Let go of that misconception that you can go through life being liked by everyone. Even Oprah-freaking-Winfrey has haters.  The goal isn’t to be liked by millions, it’s to be heard by millions. Your message has legs in both the positive and negative spaces and maybe – just maybe – it will bring a ray of light to the darkness for someone who’s judging you.  Isn’t it possible that if your message is good, heart centered and truly changing lives that a year from now your hater may realize that you’re not so bad after all? Isn’t it possible that they are criticizing you and judging you BUT ALL THE WHILE, they are also hearing your words – and slowly you are making an impact. We live in a microwave society where we want everything now – even our impact – but change takes time and cannot be rushed. Ultimately your message can cause change – even in the dark corners of judgement if you continue to show up, put it out there and have patience for it to take hold in the hearts of those who need it most.

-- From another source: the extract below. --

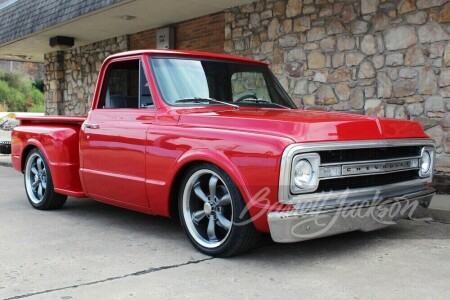 1970 CHEVROLET C10 CUSTOM PICKUP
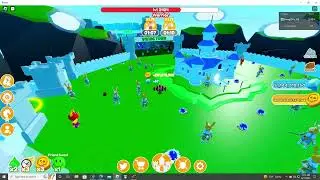 Epic Bunnies in Roblox Warriors Army Simulator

My last tip for spinning the judgement in your life is to turn inward again and realize that 99% of the time, the judgement and rejection coming at you has absolutely nothing to do with YOU. I know you’ve heard this before, right?  When someone is throwing shade at me, I will mentally remind myself that they are on a journey different from mine. They may be a young soul, having not yet learned what it means to have tolerance.  Being who I am as a person means that I’ve learned compassion, understanding and have the ability to send some positive energy to the person in front of me and wish them well.

I know it’s easier said than done when someone is calling you a horrible name or telling you that your dreams are shit. I get it.  Here’s the kicker: that’s part of your journey. Learning to rise above those things is a lesson you need to learn.  Accept it for what is, throw the person some love and wish them well.  If you’re on social, delete the negative comment from your post and move on.  It’s not about you. It’s about them. Every time.  Maybe they are in a bad situation at home and trolling the internet to lash out makes them feel better. Maybe they see you succeeding and are jealous because the fears have them trapped. Maybe they’re just angry at the world for a string of obstacles.  Whatever the case, it’s not about you. Tattoo that on your arm if you have to, but continually remind yourself that IT IS NOT ABOUT YOU.

Does any of this make going Live on facebook any easier? Hell no. It’s still scary and overwhelming. My last tip:  Do it scared. Every day just show up, face your fears and do it scared. I promise you that with time it will get easier and the next thing will have you shaking in your boots, but a year from now you’ll be thanking me for this. Just put on the blinders, find your gumption and do it scared.